◆ Task: Every line below from the one with "Hello fifth graders!" through the one with "I think I'm" is to be repeated exactly, with no picture among them.
--------------------------------
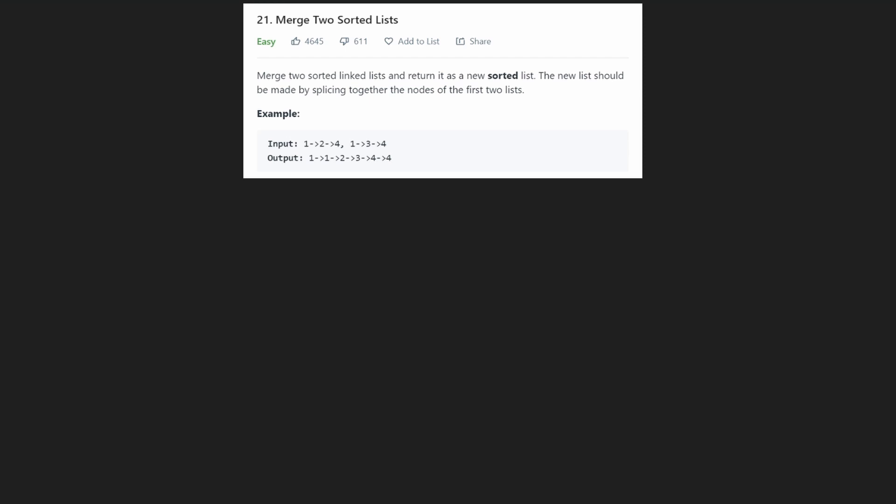Hey guys, it's me again, and let's solve another LeetCode problem. Merge two sorted lists. So this is an easy problem.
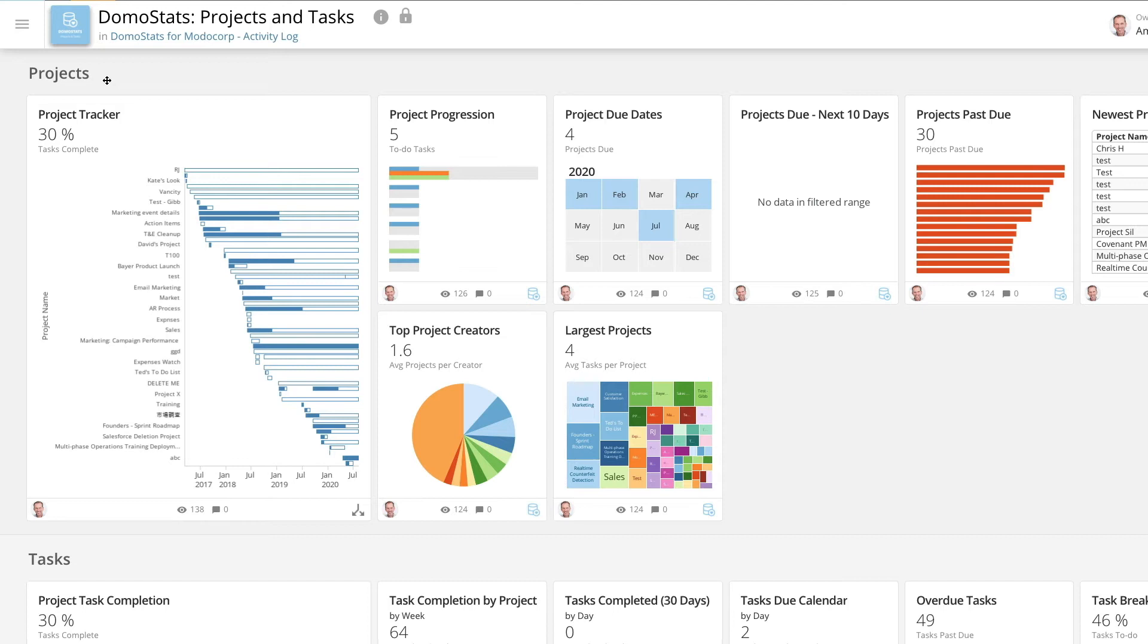The first collection is about all the projects in your Domo instance. Note that these cards and datasets only include public projects. Use this collection to stay on top of project due dates, past due projects, and upcoming projects.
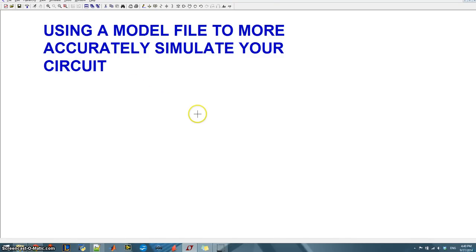How's it going everybody? In this video I'm going to be talking to you about how to use a model file to more accurately simulate your circuits.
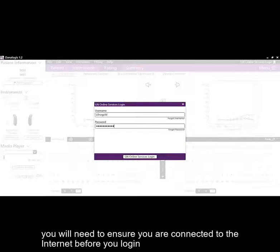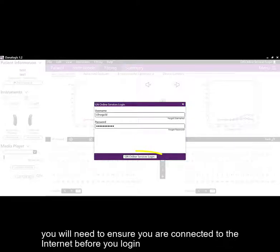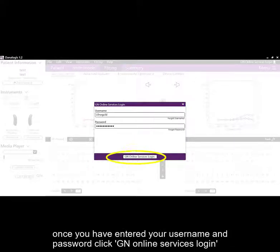You will need to ensure you are connected to the internet before you log in. Once you have entered your username and password, click GN Online Services Login.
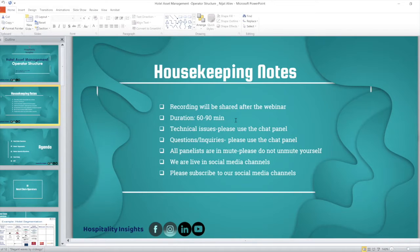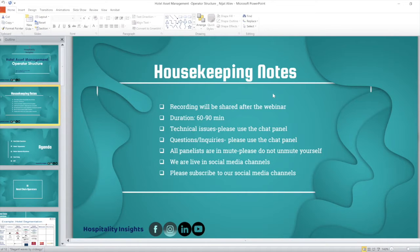The duration will be within one to one and a half hours. The recording has already started. If you have any questions, kindly put them in the chat box or on our social media commentary. Please stay on muted mode. You can also subscribe to our social media channel.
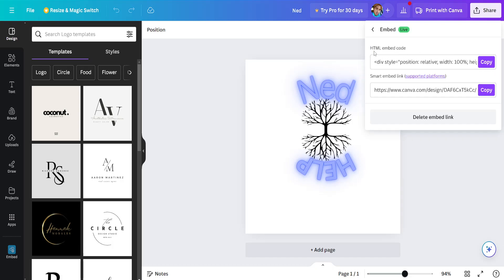Now we will copy this first line of code, the HTML embed code. Copy this.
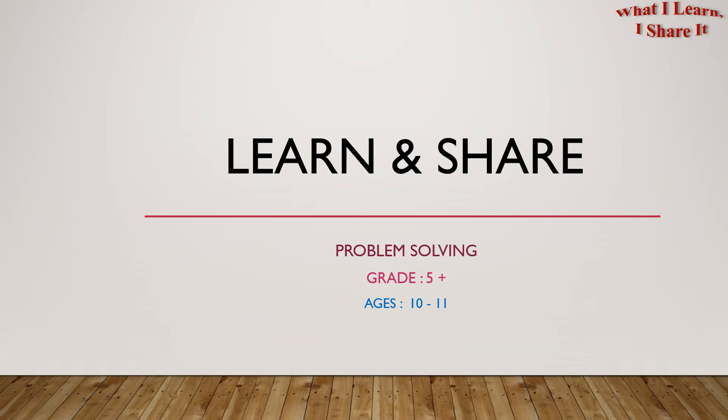Hello fifth graders! Welcome to Learn and Share! We're doing problem solving for grades 5 plus and ages 10 to 11.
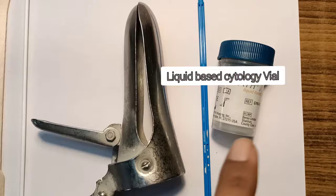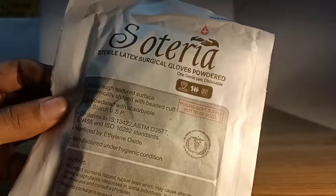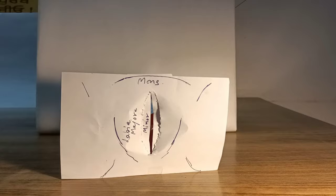Beginning with the procedure, first you need to perform adequate hand hygiene and after that don a sterile pair of gloves as per your size, and then finally you will introduce the Cusco's speculum.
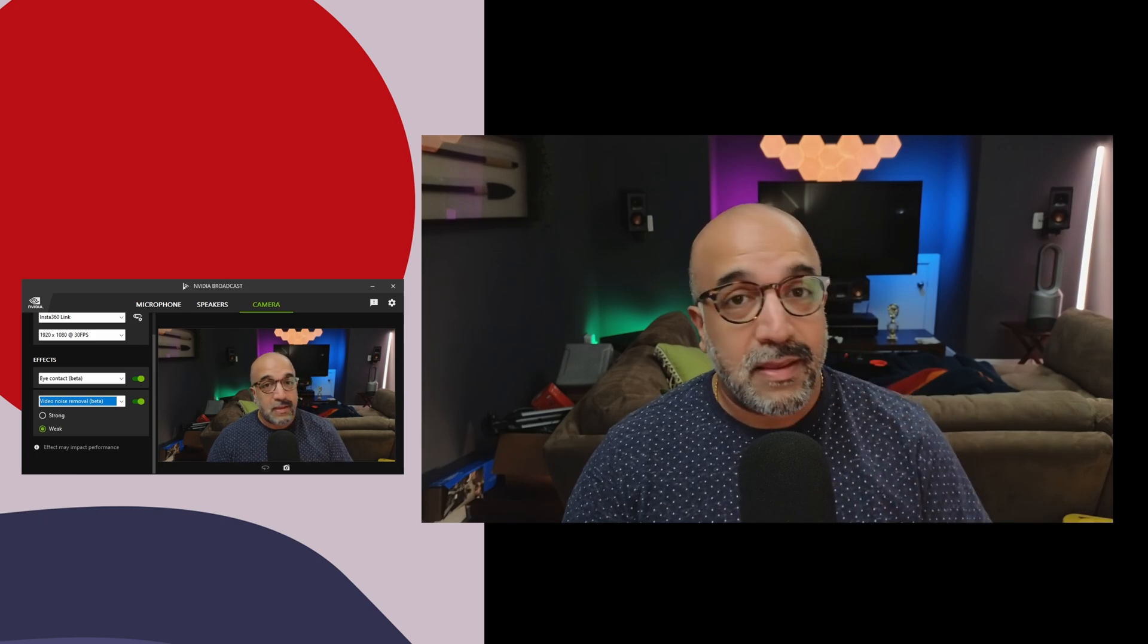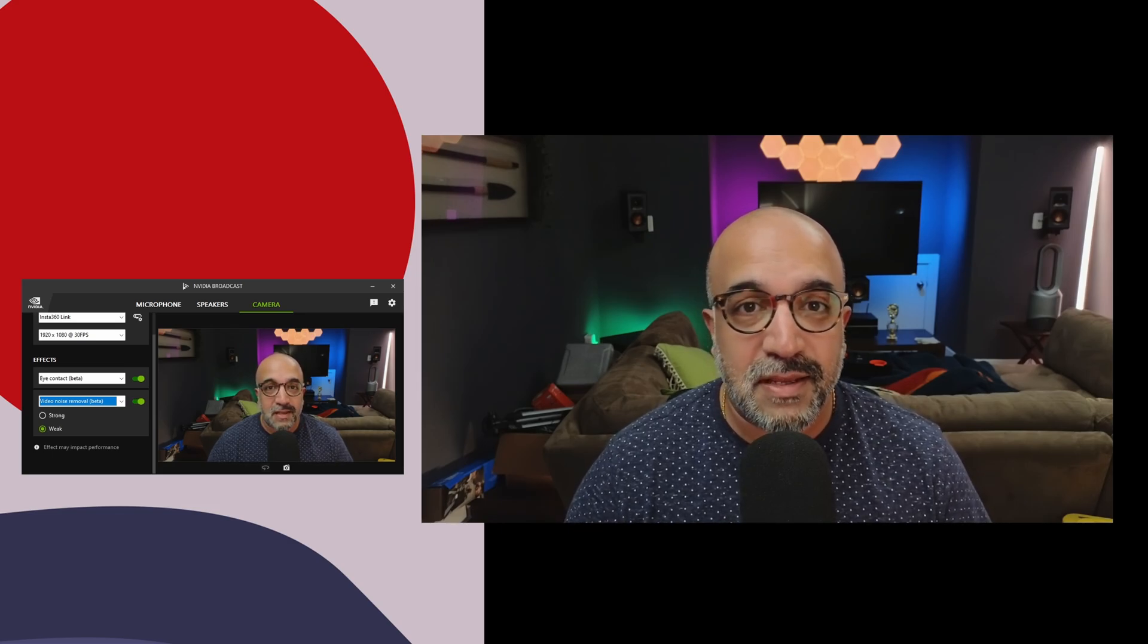I think I'm going to use it going forward for a lot of my talking head content. Again, this is NVIDIA Broadcast. It's a free software. I'm not sure if you have to have an NVIDIA GPU or not, but check the minimum requirements and give it a shot. Thanks again for watching and I'll see you in the next one. Peace.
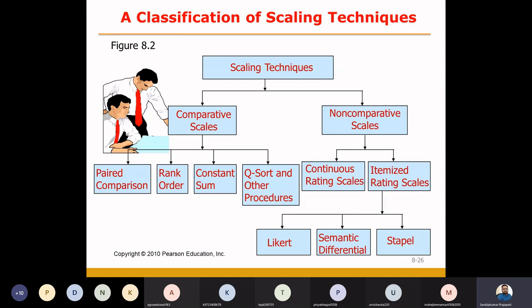In the case of non-comparative scales, we are going to ask the respondents to evaluate one object at one time. That's why it's called non-comparative scales — the name itself says non-comparative, meaning we don't compare here. We say to the respondents: you have to evaluate and analyze one object, then give your response. That's why it is called non-comparative scales.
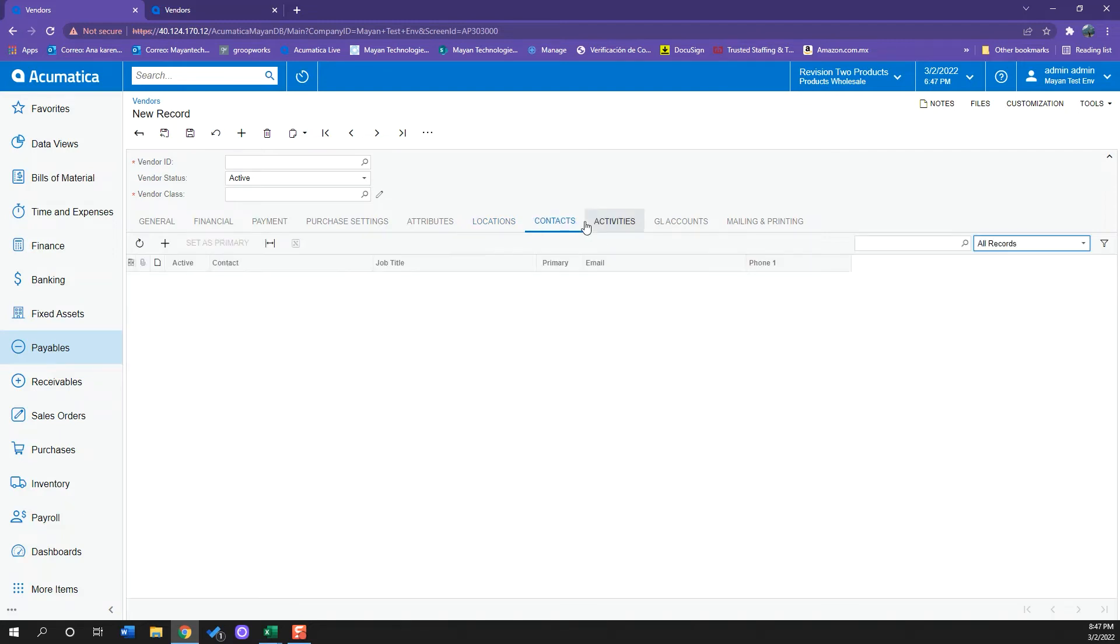I also have my Contacts tab where I can keep adding all the contacts I have under this vendor. For example, the owner, the supply manager, or the accounts receivable team where I will be sending my payments to.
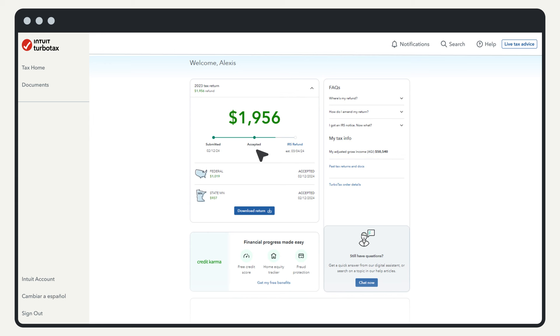When the status shows accepted in TurboTax, that simply means the IRS has received your tax return. This doesn't mean it has been approved.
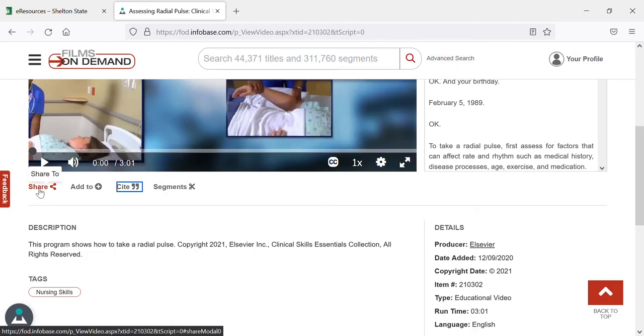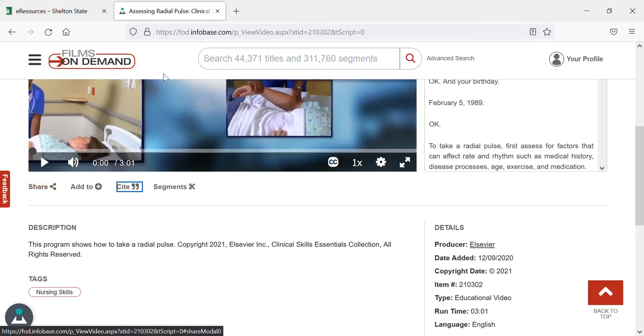I would strongly suggest you use the share button instead of just right clicking in the address bar and sending that, because the address bar link is for this specific search which of course will change once you go to another computer or send something in an email.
--------------------------------
◆ Worked solution:
Hello fifth graders! Welcome to Learn and Share! We're doing problem solving for grades 5 plus and ages 10 to 11.
Beginning with the procedure, first you need to perform adequate hand hygiene and after that don a sterile pair of gloves as per your size, and then finally you will introduce the Cusco's speculum.
I think I'm going to use it going forward for a lot of my talking head content. Again, this is NVIDIA Broadcast. It's a free software. I'm not sure if you have to have an NVIDIA GPU or not, but check the minimum requirements and give it a shot. Thanks again for watching and I'll see you in the next one. Peace.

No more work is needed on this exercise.